DH #6

Ruang Kerja Wikara, 6 Februari 2018

Perkenankan aku membahasakan racun dalam senyap

Aku sudah lupa kapan terakhir kali beli kalender baru dan menggantungnya di pikiranku. Mataku masih buta memandang layar televisi sebagai seorang anak kecil yang tidak tahu apa-apa. Jemariku masih sama kaku saat kau perintahkan untuk menggambarkan pemandangan -aku masih sama merangkai fona menjadi cercaan hina atas diriku.

Koper cokelat berisi takdir masih terkunci rapat di bawah lemari. Ku menumpuknya dengan plat-plat baja yang kukumpulkan pelan-pelan di pasae loak setiap minggu pagi. Aku lupa kombinasi angka untuk menghadapi takdir. Atau seperti katanya, aku hanya terlalu pengecut untuk mengingat.

Memaafkan dirimu sendiri tak pernah mudah

Apalagi ketika dirimu penuh dengan bau minyak angin sisa kerokan tadi malam. Atau bau alkohol dan rokok yang melekat pada punggung lebarmu yang kau gunakan untuk menanggung dunia. Aku memilih jalan yang paling mudah dengan meninggikan egoku.

"tapi dunia akan terus menerus memecundangimu. Mimpimu akan dinego semakin murah"

Masalah. Berat.

Aku jadi berpikir di warung kopi di ujung malam. Apakah semesta berjalan sesuai kemauan manusia ataukah hanya berjalan sesuai nista yang nyenyak? Semuanya larut pada gelapnya malam dan ampas kopi.

"Mungkin aku hanya bisa memungkiri takdirku"

"Kau memang pengecut" sahutmu

Tapi aku tak peduli. Biarkan saja omong kosong mengenai takdir itu kusimpan rapat-rapat dalam koperku. Aku tak lagi membeli kalender baru dan mahal yang dijajakan di universitas ternama. Karena aku cuma duduk di suatu sore memandang televisiku.

Aku ingin menggerus puyer dan memasukkannya di kepalaku.

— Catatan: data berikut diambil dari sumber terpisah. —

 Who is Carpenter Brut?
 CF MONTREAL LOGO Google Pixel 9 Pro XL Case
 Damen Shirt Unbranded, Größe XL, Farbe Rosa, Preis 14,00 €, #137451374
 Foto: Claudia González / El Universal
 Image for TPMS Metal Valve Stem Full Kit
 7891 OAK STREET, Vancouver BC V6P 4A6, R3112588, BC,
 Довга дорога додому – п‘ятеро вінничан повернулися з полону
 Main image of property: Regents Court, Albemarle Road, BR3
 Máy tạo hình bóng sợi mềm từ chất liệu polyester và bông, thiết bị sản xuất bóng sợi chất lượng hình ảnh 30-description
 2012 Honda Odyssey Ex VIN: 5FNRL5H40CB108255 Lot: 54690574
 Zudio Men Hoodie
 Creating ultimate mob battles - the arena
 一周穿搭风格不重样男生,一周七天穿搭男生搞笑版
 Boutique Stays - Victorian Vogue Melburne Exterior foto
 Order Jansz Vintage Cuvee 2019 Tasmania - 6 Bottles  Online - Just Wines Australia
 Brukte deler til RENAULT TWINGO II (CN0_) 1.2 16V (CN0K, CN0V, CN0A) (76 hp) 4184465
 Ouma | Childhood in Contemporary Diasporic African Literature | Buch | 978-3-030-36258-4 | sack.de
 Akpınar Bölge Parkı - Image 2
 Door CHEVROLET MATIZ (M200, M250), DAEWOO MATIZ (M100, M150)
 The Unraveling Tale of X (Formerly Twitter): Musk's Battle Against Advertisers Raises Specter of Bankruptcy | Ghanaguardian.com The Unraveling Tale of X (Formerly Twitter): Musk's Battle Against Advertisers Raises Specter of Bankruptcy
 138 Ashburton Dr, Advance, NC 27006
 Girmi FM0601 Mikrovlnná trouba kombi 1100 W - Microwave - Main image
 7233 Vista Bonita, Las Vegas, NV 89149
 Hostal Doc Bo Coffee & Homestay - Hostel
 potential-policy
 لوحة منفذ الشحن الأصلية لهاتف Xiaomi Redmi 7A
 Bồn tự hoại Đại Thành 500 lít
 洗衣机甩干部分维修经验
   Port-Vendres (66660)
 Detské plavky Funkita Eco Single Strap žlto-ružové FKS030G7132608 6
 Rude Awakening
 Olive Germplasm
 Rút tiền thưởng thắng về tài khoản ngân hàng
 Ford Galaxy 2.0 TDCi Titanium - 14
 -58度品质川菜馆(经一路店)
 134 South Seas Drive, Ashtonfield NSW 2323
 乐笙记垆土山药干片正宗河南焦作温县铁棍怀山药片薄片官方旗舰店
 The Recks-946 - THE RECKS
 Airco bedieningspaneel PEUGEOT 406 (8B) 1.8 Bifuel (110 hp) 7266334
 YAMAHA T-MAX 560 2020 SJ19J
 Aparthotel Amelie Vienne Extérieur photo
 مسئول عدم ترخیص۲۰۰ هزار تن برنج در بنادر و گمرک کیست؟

Supaya aku ingat, bahwa pahit adalah menyembuhkan.

Kelak, aku akan menyingkirkan plat-plat tajam di atas koper yang menyisakan bau besi dan korosi. Memutar kombinasi angkanya dan mengeluarkan takdirku dari dalam.

Tapi nanti, setelah aku menjalani hidup dengan caraku sendiri.